Is it really true that “Nearly two-thirds of big data projects will fail to get beyond the pilot and experimentation phase in the next two years, and will end up being abandoned,” as suggested by Steve Ranger last year in Your big data projects will probably fail, and here’s why? My take: to be successful you need a collaborative team with multiple skills, effective leadership, good communication — and a plan. In other words, don’t put the cart before the horse by starting with a technical solution before you understand what problems you’ll be trying to solve.
In my consulting and research I help people plan and manage effective and sustainable data and IT management programs. Given how “big data” has risen in importance I’m very interested now in how you plan and govern programs that manage and provide access to organized and useful data.
The question often arises of how much analytical expertise is needed to effectively manage data-intensive programs, regardless of whether new or existing data management and analysis technologies will be employed. While “big data” has made such issues quite visible, you can’t expect everyone to be a “data scientist” or professional statistician. At the same time, managers who expect to drive or make sense of improved data analytics are going to need more than a understanding of how spreadsheets operate.
Training and educational programs around data analysis tools and techniques are proliferating and managers in different fields wonder how much analytical expertise is needed. A recent example is Adele Sweetwood’s Creative or Analytical? Marketers Must Now Be Both. In it she says, among other things,
“Knowledge of data-management principles and analytical strategies, an understanding of the importance of data quality and data governance, and a solid grasp of the value of data in marketing disciplines are now all essential.”

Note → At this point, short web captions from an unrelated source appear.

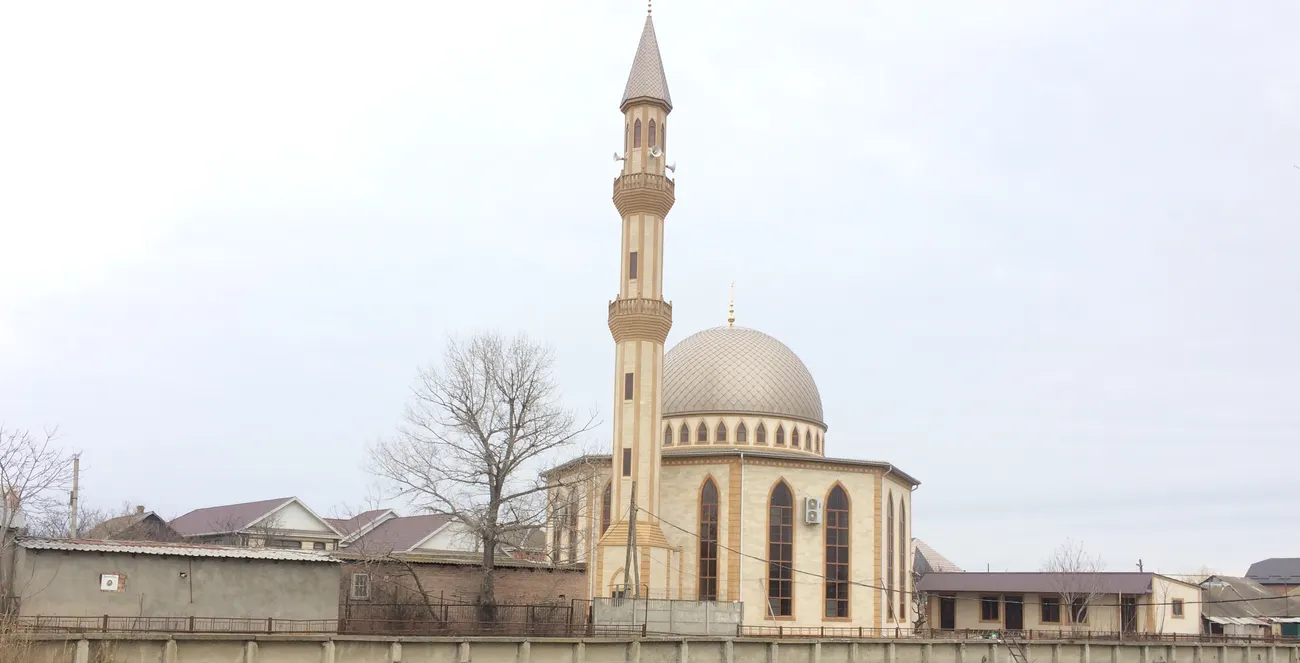 Мечеть в Кизляре с высоким минаретом на фоне пасмурного неба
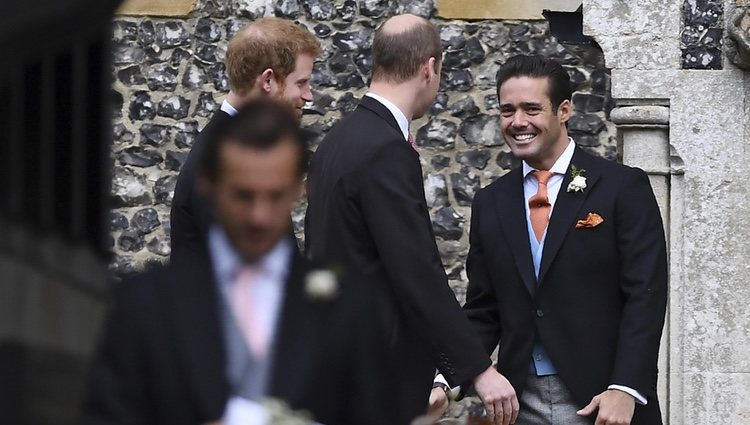 Los Príncipes Guillermo y Harry con Spencer Matthews en la boda de Pippa Middleton y James Matthews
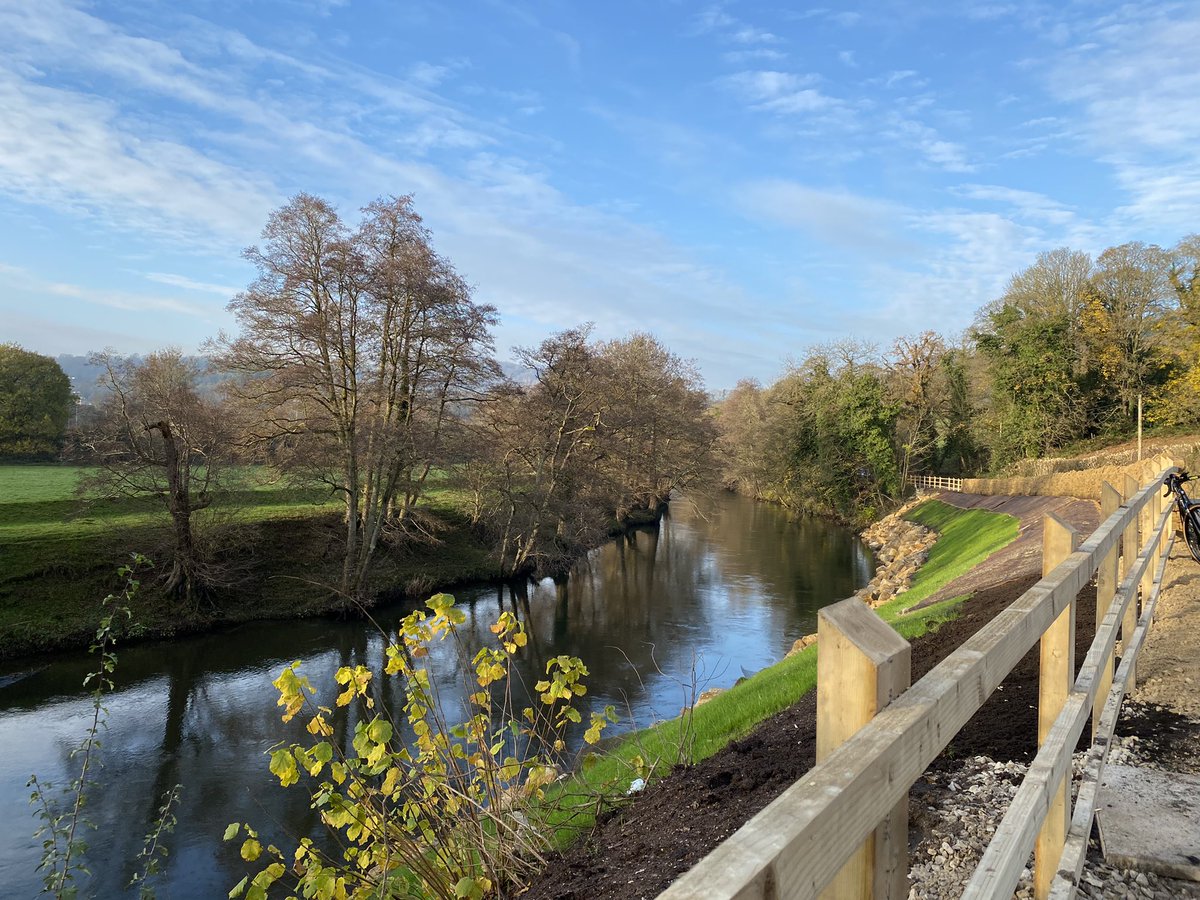 seaparkin's tweet photo. Road open 🎉 just wish cars would slow down. Oh &amp; some sun #cromford #lea #derbyshire #derbyshireDales https://t.co/O0KAsidUVI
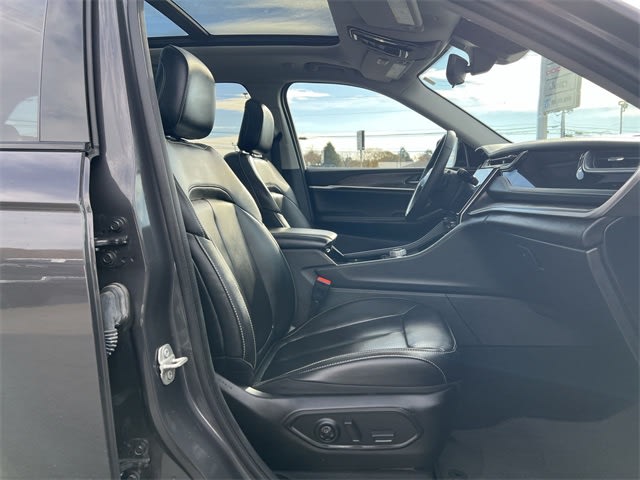 Thumbnail: 2023 Jeep Grand Cherokee - 12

“Today’s marketer needs to go well beyond reporting and metrics.”
“The successful contributor is proficient in a full range of analytics, which may include optimization, text, sentiment, scoring, modeling, visualization, forecasting, and attribution. That doesn’t necessarily mean all marketers must have a PhD in statistics, but they must understand and use such methods.”

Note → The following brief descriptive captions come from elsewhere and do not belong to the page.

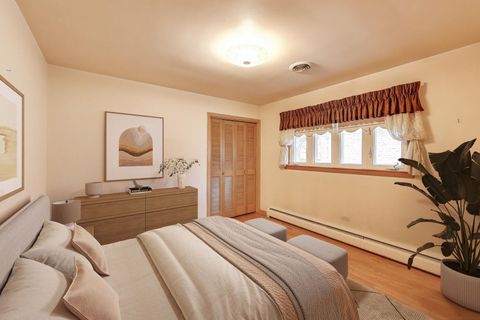 Tiny photo for 4900 N Ridgewood Avenue, Norridge, IL 60706 (MLS # 12494952)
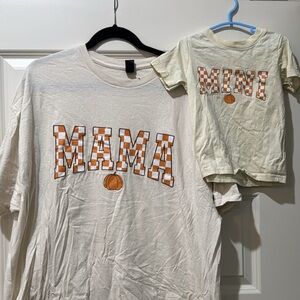Size 2x mama and size 2t baby. Both have only been worn once.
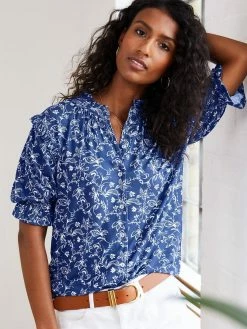 Baukjen Clothing Beverly LENZING™ ECOVERO™ Jersey Blouse | Blue Woodland Floral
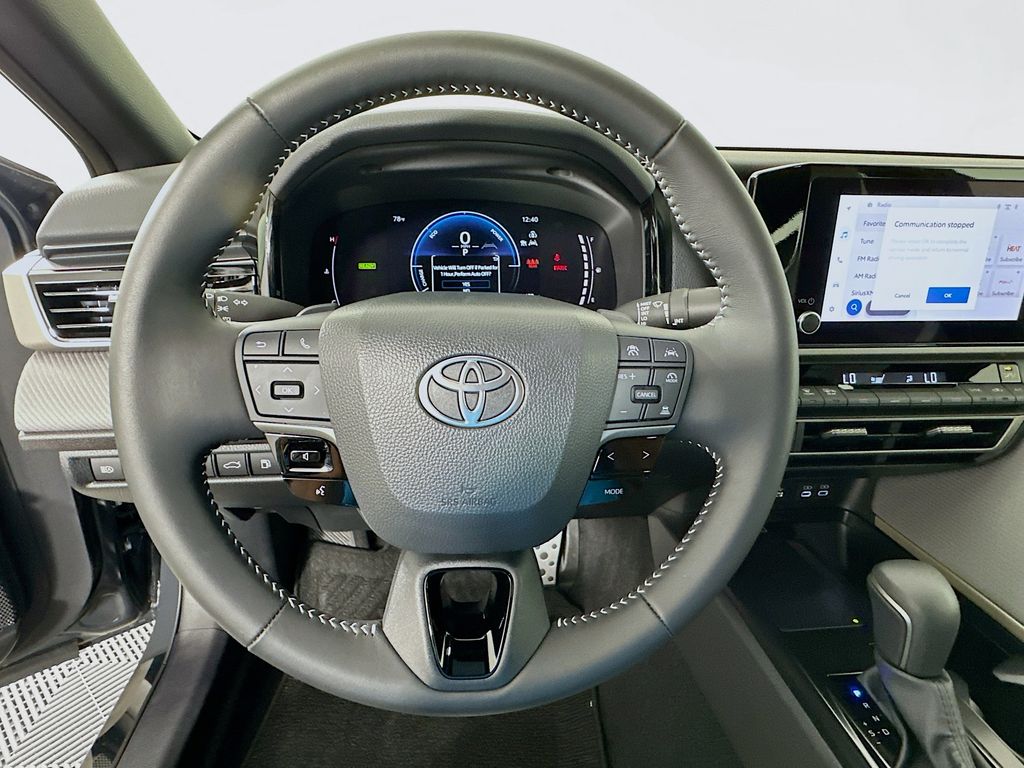 Thumbnail: 2025 Toyota Camry - 11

Sweetwood’s overview surprised me a bit. Having managed a lot of quantitative market research early in my career I have always tended to think that marketing is, at its core, a data-dependent function where measuring and predicting customer engagement and/or behavior have always been paramount. As Sweetwood points out, though, the tools now available to the marketer are more sophisticated, complex, and they operate increasingly in real time, i.e., “Today’s marketer needs to go well beyond reporting and metrics.” Yesterday’s number-crunching skills might not be up to the task.